The actors are quietly seated on stage in a tableau at opening. They are absolutely still. So when the characters come alive to the music, whirling as ashes fly out of their clothing, it is thrilling. The costumes, designed by Georgiann Regan add just that much more to the beauty of the production with muted tones and much detail. Swirling coats and pencil skirts with box pleats create pleasing motion and contrast with the vivid feathered headpiece in the cabaret.
Choreographer Melanie Walters has raised the bar for theatrical movement. Everything from the joy-filled twirling to the precise hand positions to the amusing skittering across the stage of an actor is absorbing. I couldn't look away. Combined with inspired staging and direction from the incomparable Susan Clement Toberer, there are no flat scenes, no empty spaces, no time to drift off into wondering what you will make for dinner tomorrow. There are Chorus Line lineups, including one scene featuring a sobering application of Star of David patches that is backlit by yellow bulbs. The lively Berlin cabaret scene with vaudevillian flair contrasts sharply with a repetitive throwing the Torah as the acting troupe travels European theaters.

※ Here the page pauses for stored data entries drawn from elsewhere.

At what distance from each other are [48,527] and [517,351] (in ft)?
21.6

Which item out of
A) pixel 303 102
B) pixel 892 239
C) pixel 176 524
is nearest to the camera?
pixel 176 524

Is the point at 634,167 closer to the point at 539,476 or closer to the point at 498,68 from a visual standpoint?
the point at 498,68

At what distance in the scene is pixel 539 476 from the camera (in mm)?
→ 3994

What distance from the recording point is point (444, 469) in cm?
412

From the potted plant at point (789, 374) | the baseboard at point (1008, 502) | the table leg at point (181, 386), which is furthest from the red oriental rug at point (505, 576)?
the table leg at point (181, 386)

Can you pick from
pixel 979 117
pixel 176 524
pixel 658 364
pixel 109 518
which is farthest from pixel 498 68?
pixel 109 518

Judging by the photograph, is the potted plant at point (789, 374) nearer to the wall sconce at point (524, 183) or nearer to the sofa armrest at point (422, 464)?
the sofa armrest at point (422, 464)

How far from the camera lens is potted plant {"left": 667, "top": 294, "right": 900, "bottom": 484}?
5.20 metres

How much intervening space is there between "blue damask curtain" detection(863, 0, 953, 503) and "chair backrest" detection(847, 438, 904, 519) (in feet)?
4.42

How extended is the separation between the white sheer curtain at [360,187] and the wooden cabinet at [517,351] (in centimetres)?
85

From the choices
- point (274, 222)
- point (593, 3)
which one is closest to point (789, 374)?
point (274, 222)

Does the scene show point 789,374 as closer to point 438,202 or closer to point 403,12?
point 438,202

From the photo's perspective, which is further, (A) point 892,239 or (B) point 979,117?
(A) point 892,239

Since this is a play with music, three musicians stroll about the stage interacting with the actors. Samual A. Bertino on clarinet, Kate Williams on accordion, and Olga Smola on violin deliver chills like 32nd notes running down your spine. Equally electrifying are the voices, singly or in harmony. Leanne Carlson, in particular, raises goosebumps as her voice soars through the theatre. Suzanne Withem lends her lovely voice and the two together create close harmony in the Andrews Sisters-like duet.
INDECENT is built upon the complicated concept of a play within a play. Told by a ghostlike cast, it revolves around a Jewish brothel owner who tries to reconcile his occupation with his religious beliefs by commissioning a Torah scroll and striving to keep his young daughter a virgin so she can marry a respectable man. When the daughter falls in love with a female prostitute, he throws the Torah and condemns his daughter to a life of prostitution. That's the original play, God of Vengeance.
INDECENT takes it to the next level. In it the writers relate the mostly factual account of how Asch's work was accepted by a few and regarded as vile and indecent by others. The play was performed across Europe and taken to the United States where it was edited to exclude the provocative rain scene between the prostitute and the daughter. Since Asch barely understood English, he was unaware these changes had been made. Nevertheless, six weeks after the play opened on Broadway in 1923, it was closed down and the cast and producer brought up on obscenity charges.
That's the "Cliffs Notes" version. This play, however, is much more intricate and requires your rapt attention. Fortunately, that is easy to do.
The play is narrated by the stage manager, Lemml (Jonathan Purcell) who is the only actor in the cast who performs one role. He is terrific throughout. The rest of the multi-talented cast (Ezra Colon, Suzanne Withem, Leanne Hill Carlson, D. Scott Glasser, Jonathan Wilhoft, and Judy Radcliff) take on the roles of lawyers, scholars, actors, immigrants, prostitutes, and just about anything and everything you can think of. They easily transform between characters, time periods, and ethnicities. This is an incredibly gifted group and I have nothing but praise for them and their skill.
I am not sure what Asch intended when he wrote God of Vengeance. He seemed a man of complex thought. I don't know on what side of the fence I would have landed back then. Would I applaud it? Or burn it? I do know; however, that INDECENT is much more than decent theatre. I'd see it again if only for the beauty of the production.